■ **Task prompt**: Would you please print exactly the lines that run from the one with "Tara (Bouddha féminin)" to the last line of the data, both included, without any pictures?

■ **Information shown**:
—————
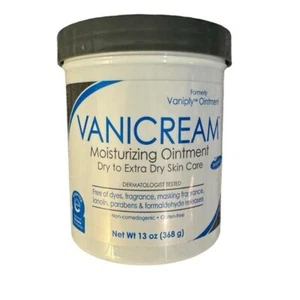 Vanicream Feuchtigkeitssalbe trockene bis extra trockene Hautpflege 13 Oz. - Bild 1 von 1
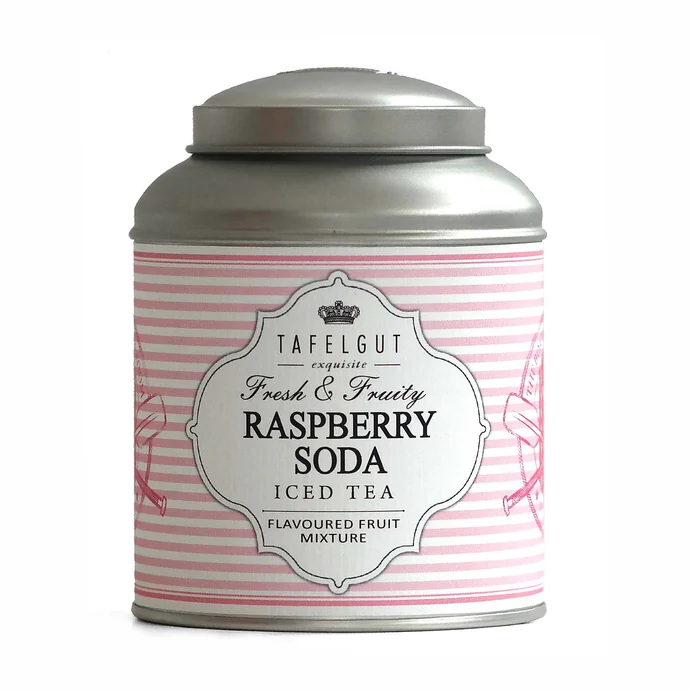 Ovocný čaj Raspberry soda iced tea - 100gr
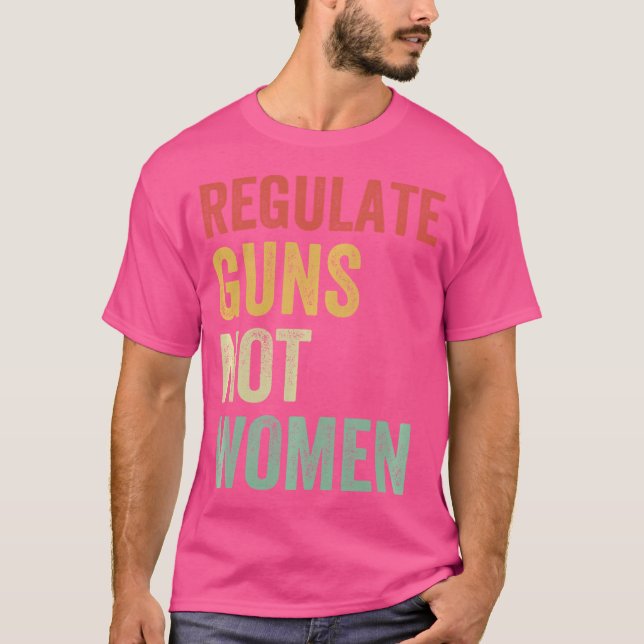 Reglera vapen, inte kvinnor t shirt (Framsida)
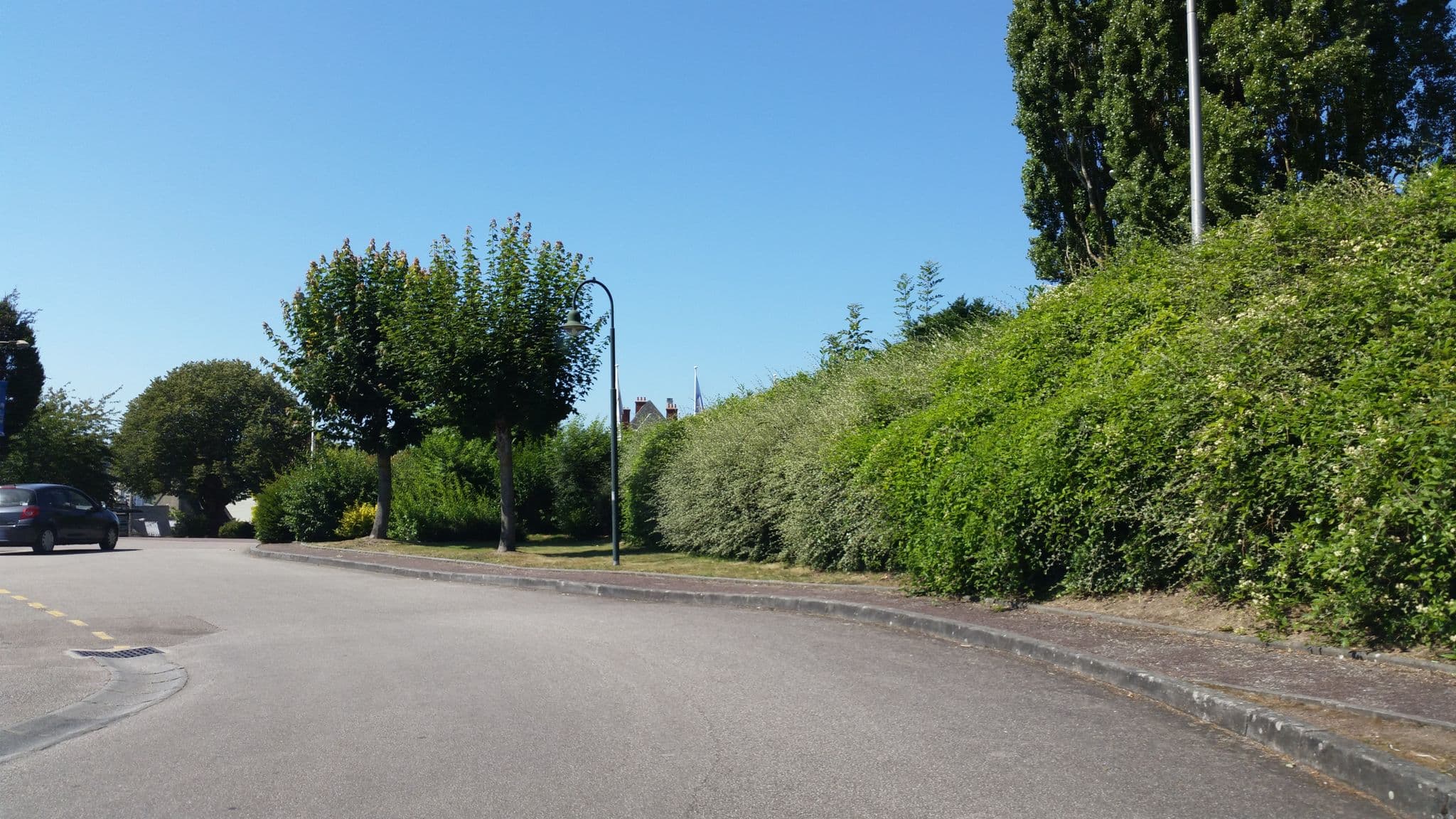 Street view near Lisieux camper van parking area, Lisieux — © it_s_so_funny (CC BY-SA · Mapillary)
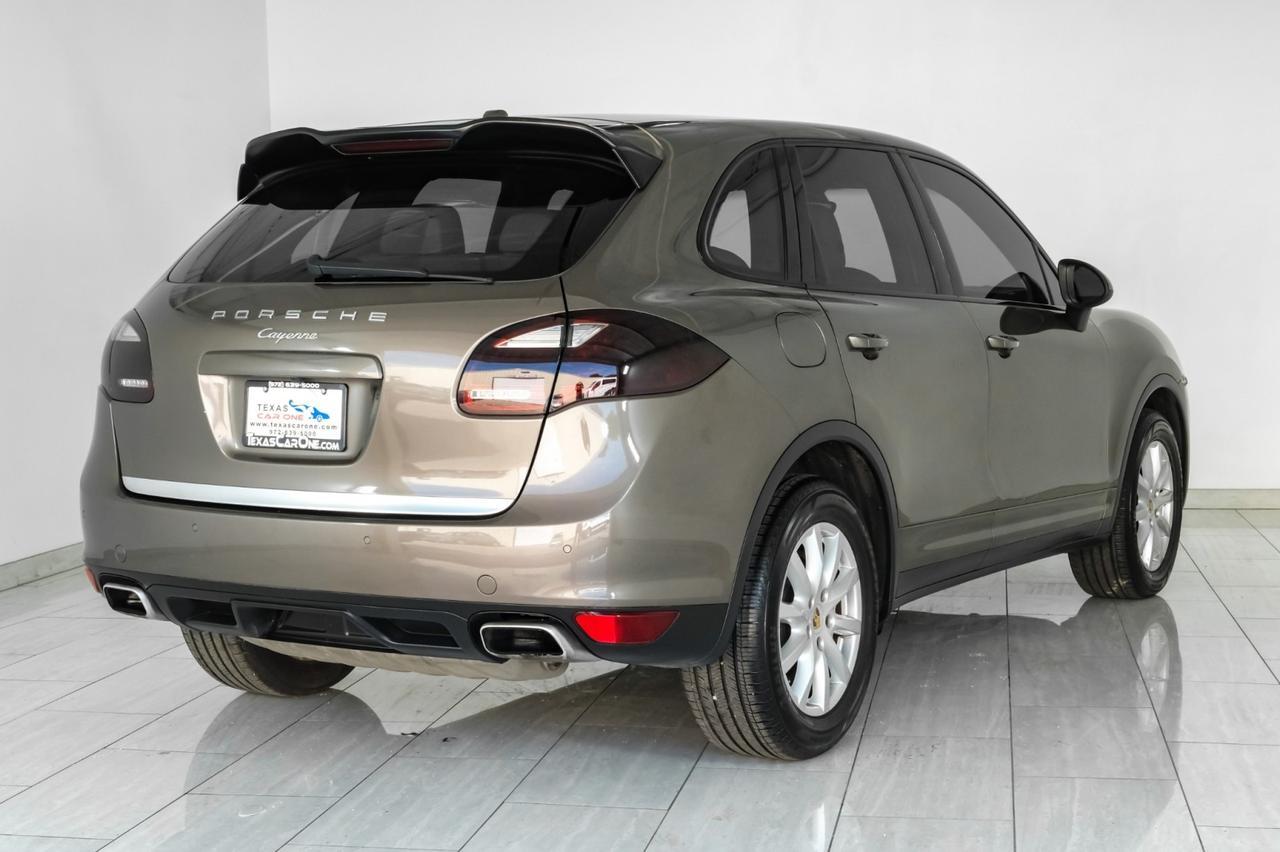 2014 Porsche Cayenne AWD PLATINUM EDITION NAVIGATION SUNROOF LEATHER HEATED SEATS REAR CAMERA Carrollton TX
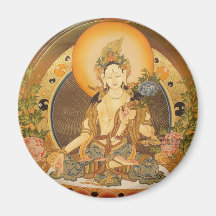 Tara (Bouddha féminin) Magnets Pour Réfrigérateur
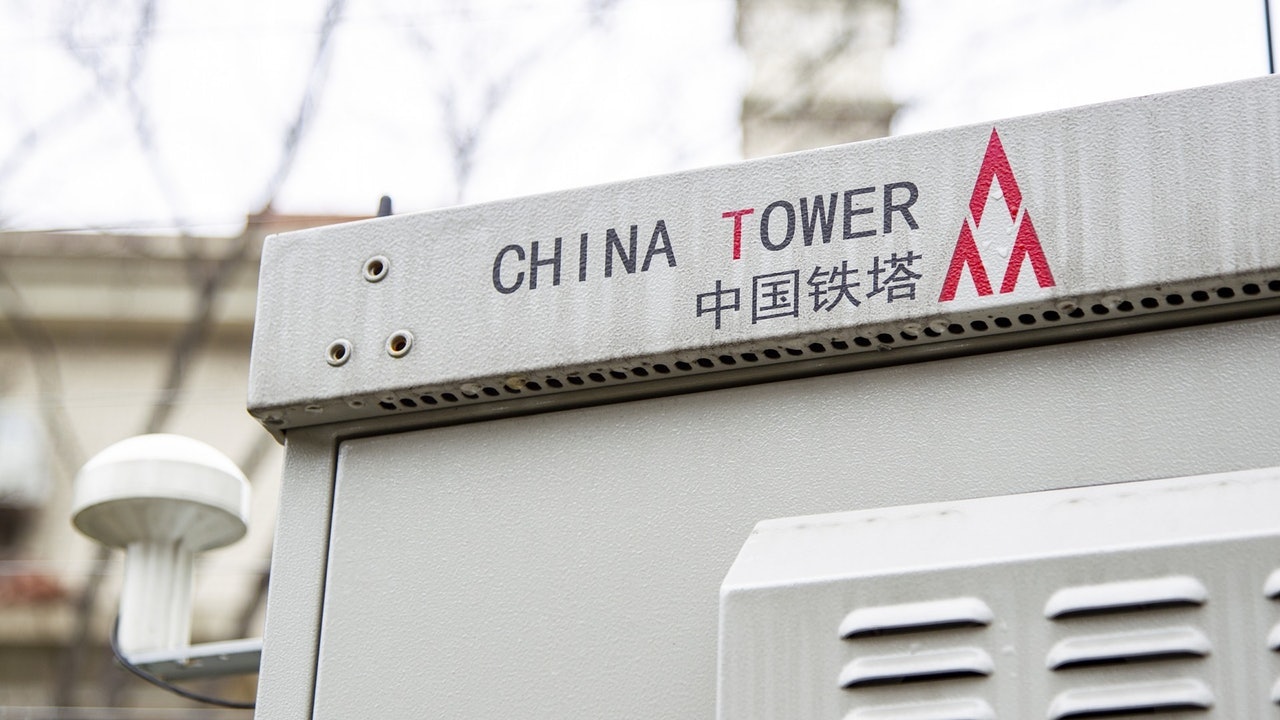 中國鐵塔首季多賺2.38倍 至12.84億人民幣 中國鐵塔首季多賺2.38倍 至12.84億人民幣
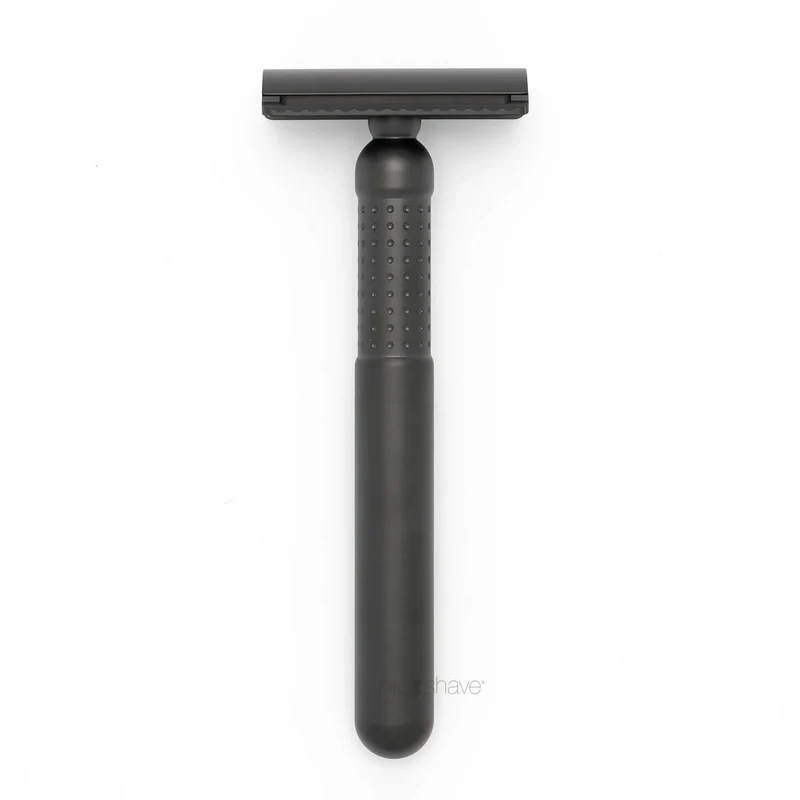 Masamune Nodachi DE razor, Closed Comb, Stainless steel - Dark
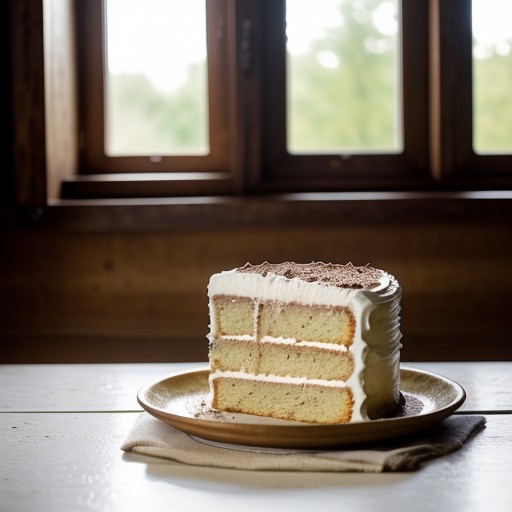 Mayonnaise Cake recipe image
—————
■ **Reply to the task**:
 Tara (Bouddha féminin) Magnets Pour Réfrigérateur
 中國鐵塔首季多賺2.38倍 至12.84億人民幣 中國鐵塔首季多賺2.38倍 至12.84億人民幣
 Masamune Nodachi DE razor, Closed Comb, Stainless steel - Dark
 Mayonnaise Cake recipe image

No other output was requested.